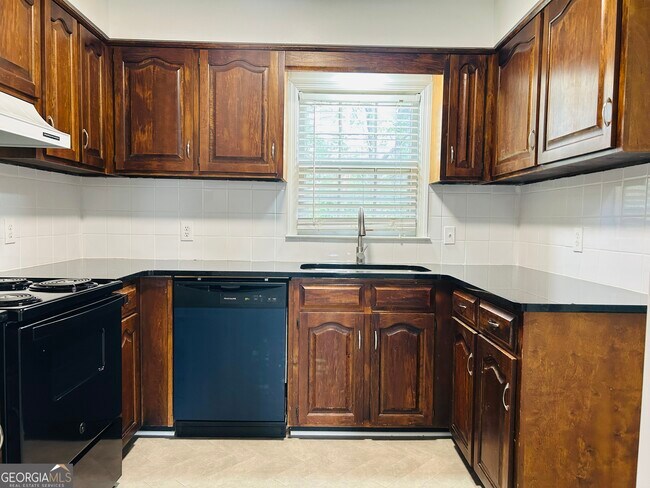 Building Photo - 207 Harwell Ave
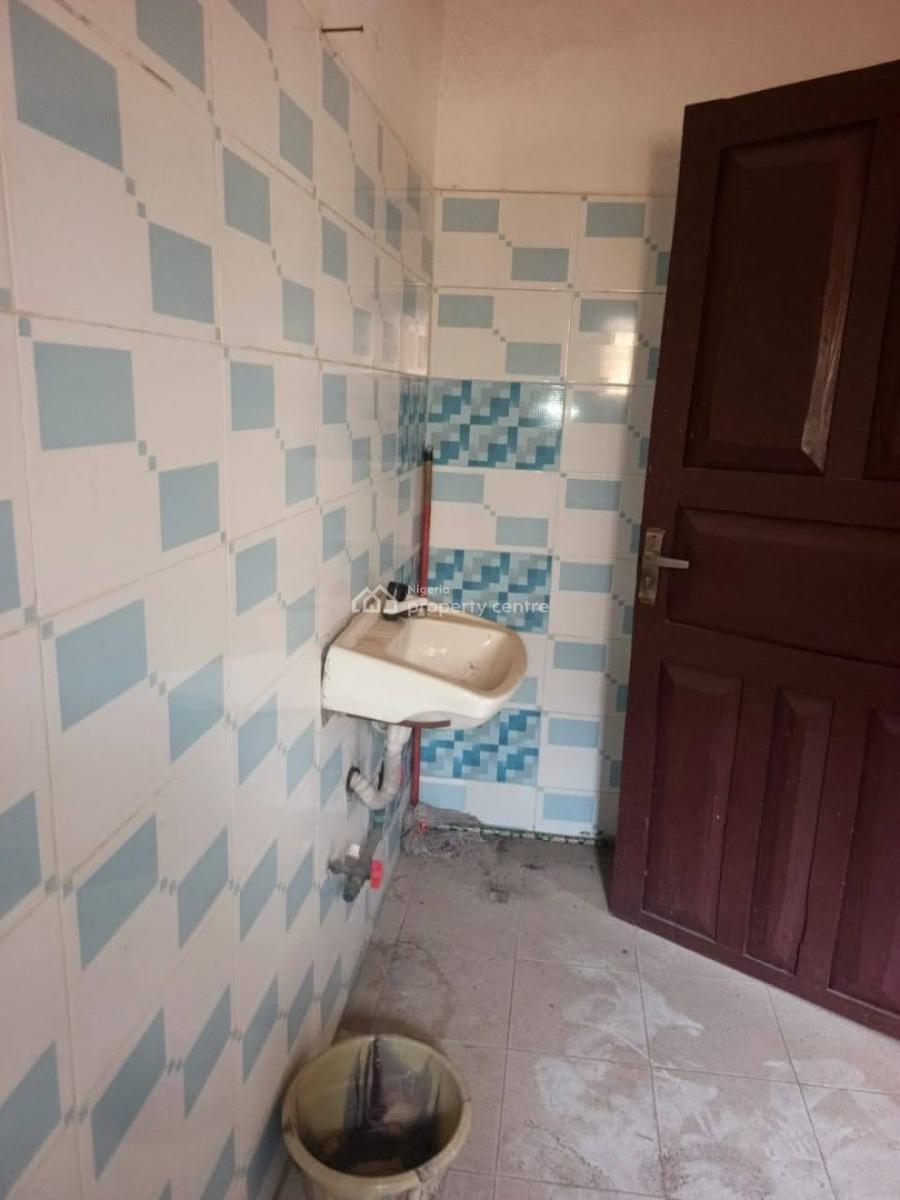 3 Bedroom Groundfloor Flat with Separate Pre Paid Meter, Estate, Omole Phase 1, Ikeja, Lagos, Flat / Apartment for Rent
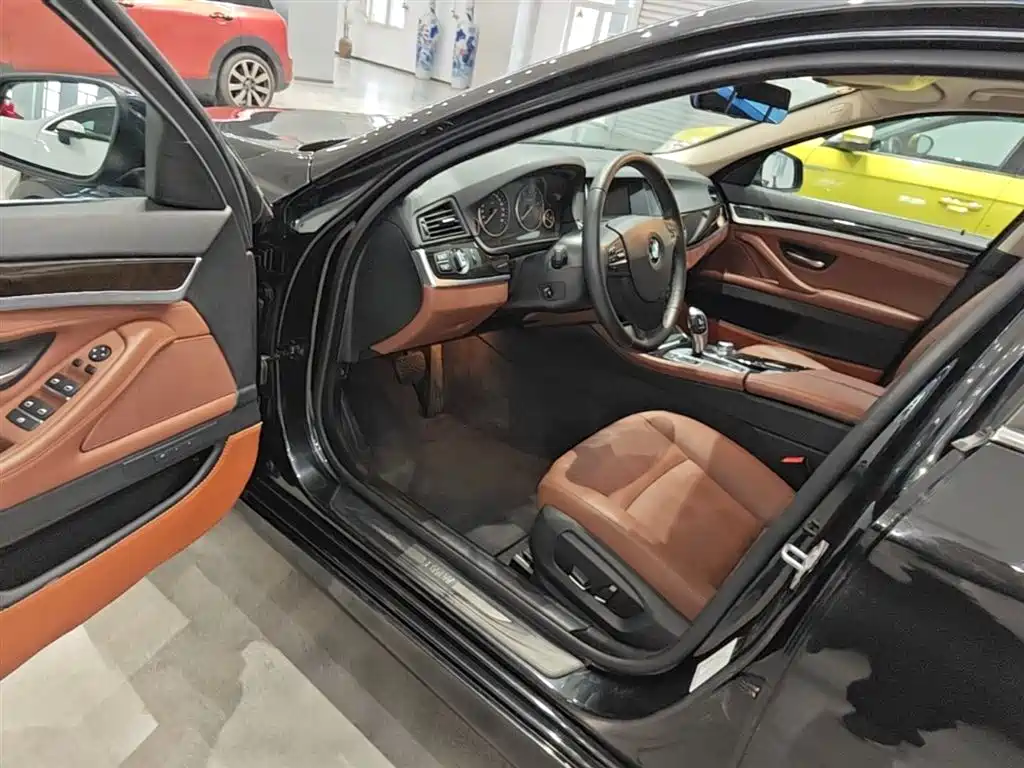 BMW 5 Series 2014 525Li Leading фото 16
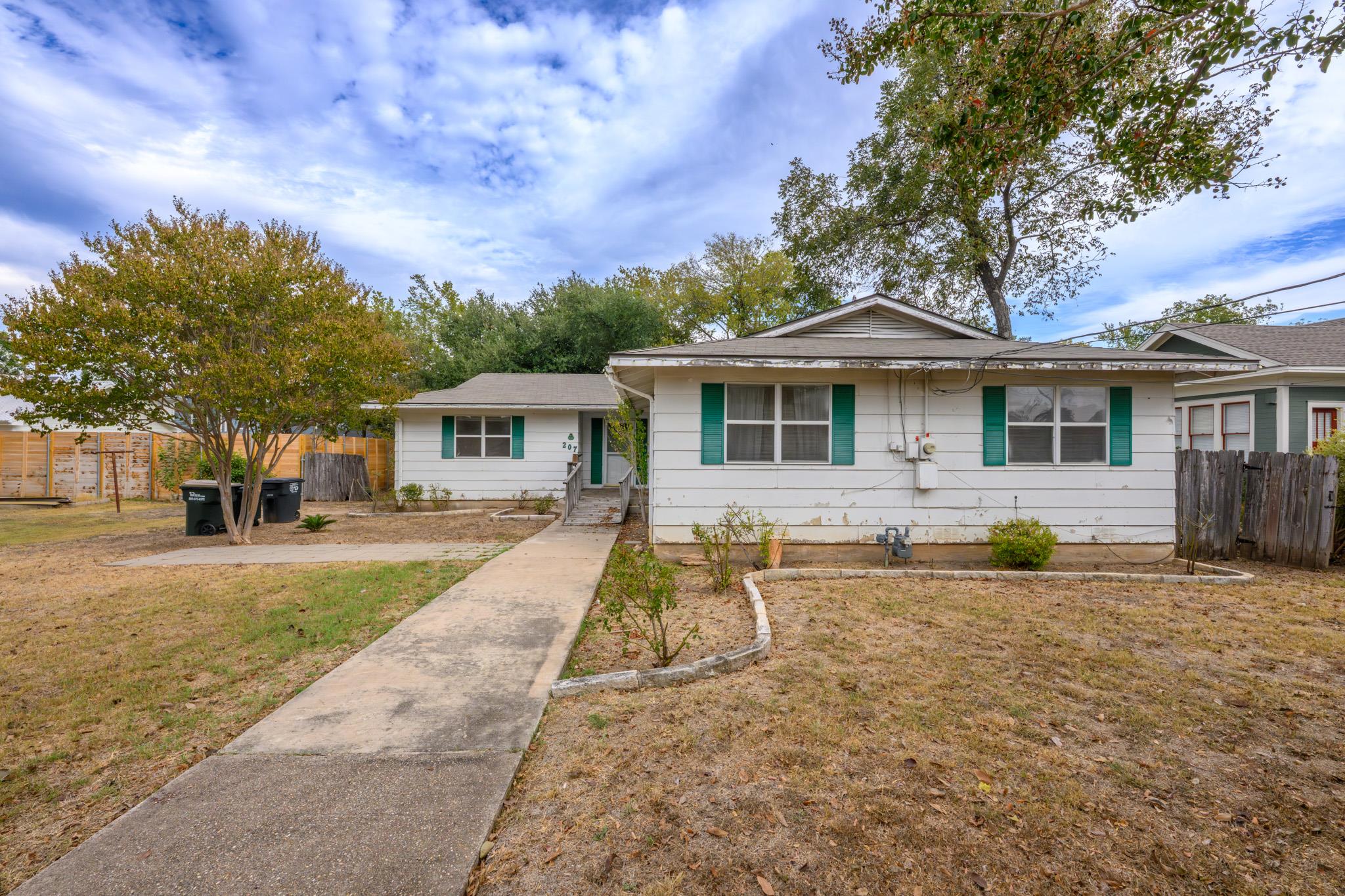 207 W 17th St, Georgetown, TX 78626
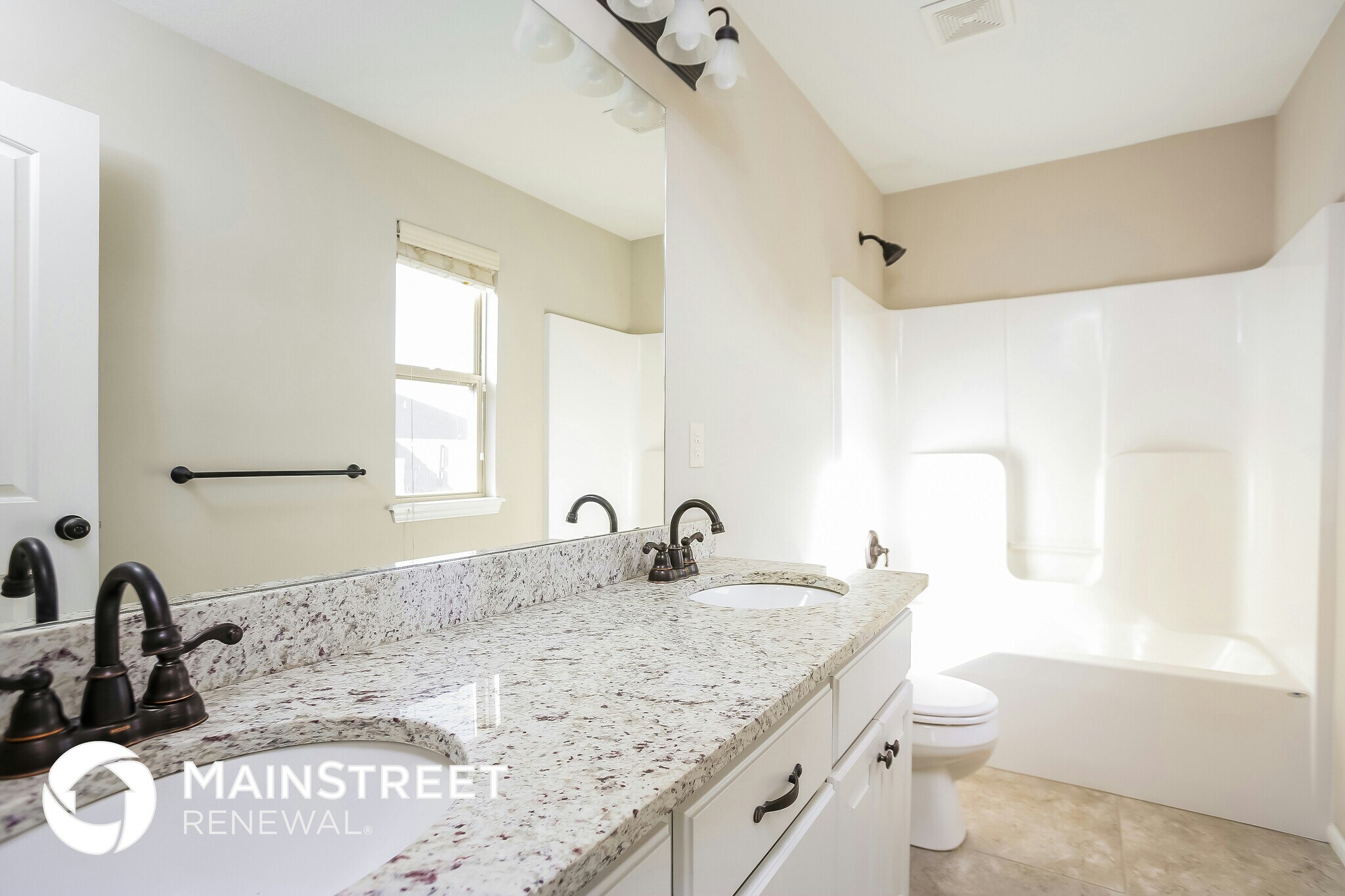 Building Photo - 1303 NW High View Dr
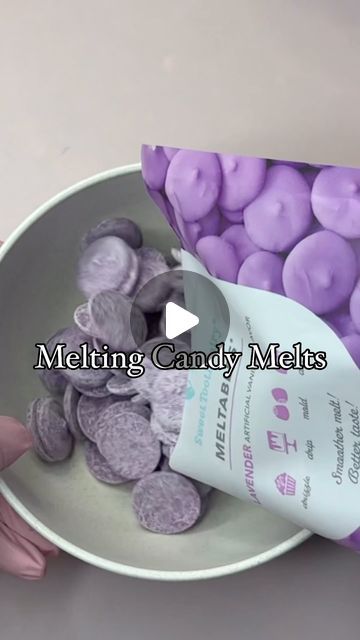 Berrylicious Sweets on Instagram: "Another short video on how to melt candy melts 💜 #cakepops #cake #baking #baker #bakingtutorial" Best Candy Melts For Cake Pops, How To Use Candy Melts In Silicone Molds, Candy Melt Drip Recipe, How To Use Candy Melts, How To Melt Candy Melts, Candy Melts How To Use, Chocolate Melts Ideas, How To Melt Chocolate For Dipping, Candy Molds Ideas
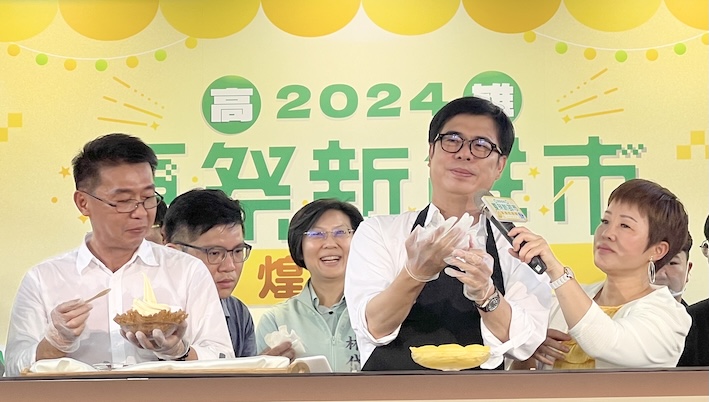 對於沒有入選「選對會」，高雄市長陳其邁（右二）自評，對選舉不在行。圖/記者林瑞益攝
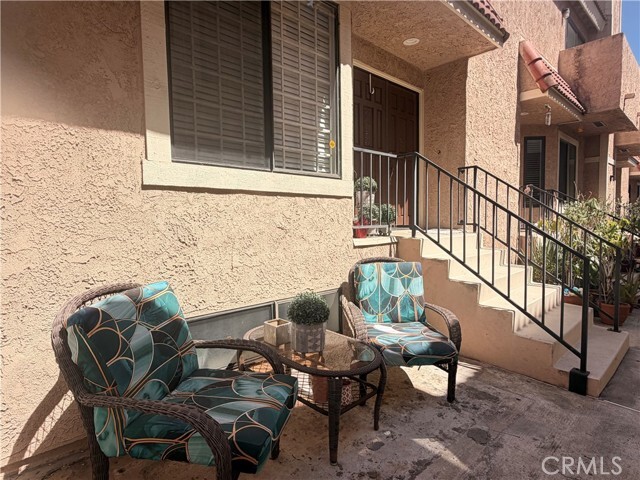 Photo - 2612 W Grand Ave Unidad C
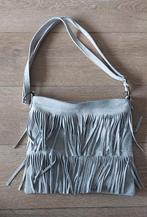 Nieuwe leren (suede) damestas met franjes, Ophalen of Verzenden, Nieuw, Schoudertasje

#### [Work instructions]
Output nothing but the records, word for word, and none of their pictures.

#### [Result of this exercise]
 Building Photo - 207 Harwell Ave
 3 Bedroom Groundfloor Flat with Separate Pre Paid Meter, Estate, Omole Phase 1, Ikeja, Lagos, Flat / Apartment for Rent
 BMW 5 Series 2014 525Li Leading фото 16
 207 W 17th St, Georgetown, TX 78626
 Building Photo - 1303 NW High View Dr
 Berrylicious Sweets on Instagram: "Another short video on how to melt candy melts 💜 #cakepops #cake #baking #baker #bakingtutorial" Best Candy Melts For Cake Pops, How To Use Candy Melts In Silicone Molds, Candy Melt Drip Recipe, How To Use Candy Melts, How To Melt Candy Melts, Candy Melts How To Use, Chocolate Melts Ideas, How To Melt Chocolate For Dipping, Candy Molds Ideas
 對於沒有入選「選對會」，高雄市長陳其邁（右二）自評，對選舉不在行。圖/記者林瑞益攝
 Photo - 2612 W Grand Ave Unidad C
 Nieuwe leren (suede) damestas met franjes, Ophalen of Verzenden, Nieuw, Schoudertasje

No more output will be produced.